“I love working together with my colleagues to ensure patients here in eastern North Carolina receive the best care possible – because all patients – no matter where, deserve the best care.”

The Brody School of Medicine at East Carolina University and ECU Health work together for a common mission, to improve the health and well-being of eastern North Carolina. Compared to the rest of North Carolina, patients in the 29-county region ECU Health serves experience greater systemic socioeconomic challenges, which have negative impacts on health outcomes, but team members across Brody School of Medicine and ECU Health are developing innovative solutions to ensure the best for patients and families.

Dr. Yaolin Zhou, associate professor of pathology and laboratory medicine at Brody School of Medicine and head of molecular pathology at ECU Health, holds this mission close to her heart. She said her experience as a cancer patient inspired her personal mission of ensuring patients have the highest standard of care, no matter where they may live. Hear from Dr. Zhou below.

Dr. Yaolin Zhou makes notes during an examination of a sample.

Dr. Zhou’s leadership and focus on quality improvement landed her on the 2023 Becker’s Hospital Review “Emerging Leaders: Provider Organization Leaders Under 40” list. Learn more here.

“I was born in communist China, and my parents survived the Cultural Revolution, which disrupted their education. Neither of my parents ever had a chance to complete middle school or high school. My dad came to the United States in the late 1980s because he was accepted into a doctoral program at the University of Texas at Austin. When I was four years-old, my mom and I joined him. In 1989, Tiananmen Square happened and my parents and I, with other Chinese graduate students, carpooled together to Houston to protest at the Chinese Consulate General against the injustice. My parents taught me to fight for what’s right and protect the vulnerable. That’s something I have carried with me all my life; it’s just how I was raised.

When it came time for college, I decided to go to Duke University, where I was selected as a Robertson Scholar and provided numerous leadership opportunities and funding for international service work. I was additionally attracted to Duke’s interdisciplinary public policy program because I knew that in order for me to become an effective physician, I would need to understand the context under which we practice medicine. My formal studies reinforced my belief that health care systems should be structured to ensure equitable access for all members of society.

As a senior student already accepted into medical school, I was diagnosed with cancer. My surgery was at Duke, and four months later, I started at Mayo Clinic School of Medicine. Recurrence occurred during my second year. My Mayo Clinic doctors referred me to MGH (Harvard) for further treatment. After graduating from Mayo Clinic, I continued to receive outstanding medical care at my residency and fellowship training institutions (University of Alabama at Birmingham and Cleveland Clinic).
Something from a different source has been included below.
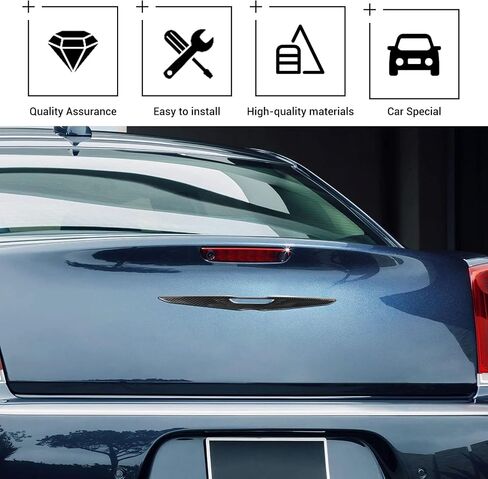 Hoolcar Front Pumper Center Grille Cover Emblem Cover Cover Badge Tlaming Trim متوافق مع 2015-2022 Chrysler 300 300C ، Black in Kuwait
Although I was fortunate to receive top-notch medical care, I felt a sense of injustice for my patients who were not always as fortunate.

My research interest became: How do you ensure that all patients everywhere, despite differences in their culture, context, and resources, can access the same guideline-recommended standard of care? I received the best care possible, but everybody deserves to receive the best care. It shouldn’t matter if it’s me, or you, your child or your grandma.
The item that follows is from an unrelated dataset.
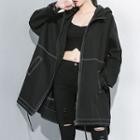 Hooded Contrast Stitched Jacket Black - One Size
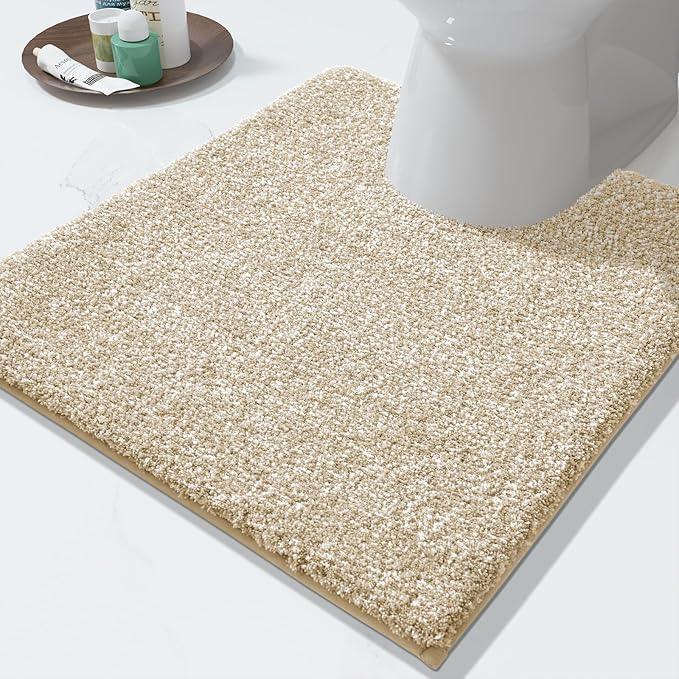 Yimobra Toilet Rugs U Shaped Washable, Soft Absorbent Microfiber Bathroom Rugs, Non Slip Quick Drying Shaggy Bath Mat,Contour Bathroom Mats for Toilet Base, Home Essentials,24x20,Light Beige and White - ModernBath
By the time I met my current department chair, Dr. John T. Fallon, in early 2020, I had become somewhat of a national leader in molecular test utilization, which combines my love for molecular diagnostics and quality improvement.

Dr. Fallon was very intrigued by the work I was doing and I ended up formally applying for a faculty position at ECU. Then COVID hit so I couldn’t come and visit, but he gave me an offer that I was very interested in. In addition to several personal reasons, such as closer proximity to my family, Brody and ECU Health were particularly attractive because of its mission and underserved patient population. How do you reach the patients who are out in rural eastern North Carolina? To answer my burning question of how to provide the best care for all patients, regardless of culture, context and resources, I need to be on the ground. I can’t do that in the ivory tower. I need to be among the patients we are seeking to serve.

Because of COVID, I accepted this job sight unseen, bought a house sight unseen, and moved across the country because my dream had always been to treat the underserved.

Today, as a molecular pathologist and medical school professor, I spend my time performing clinical work, research, teaching, professional service, and administrative duties. I am the Director of Quality and Test Utilization, and Head of Molecular Pathology at ECU Health. My clinical service is often intertwined with research and teaching. I direct two different pathology residency rotations – the molecular rotation and the test utilization rotation. Test utilization addresses, ‘how do you decide what tests to order for your patients?’ As a molecular pathologist, I focus most of my attention on the pre-test and post-test steps of molecular testing. I love working together with my colleagues to ensure patients here in eastern North Carolina receive the best care possible – because all patients – no matter where, deserve the best care.”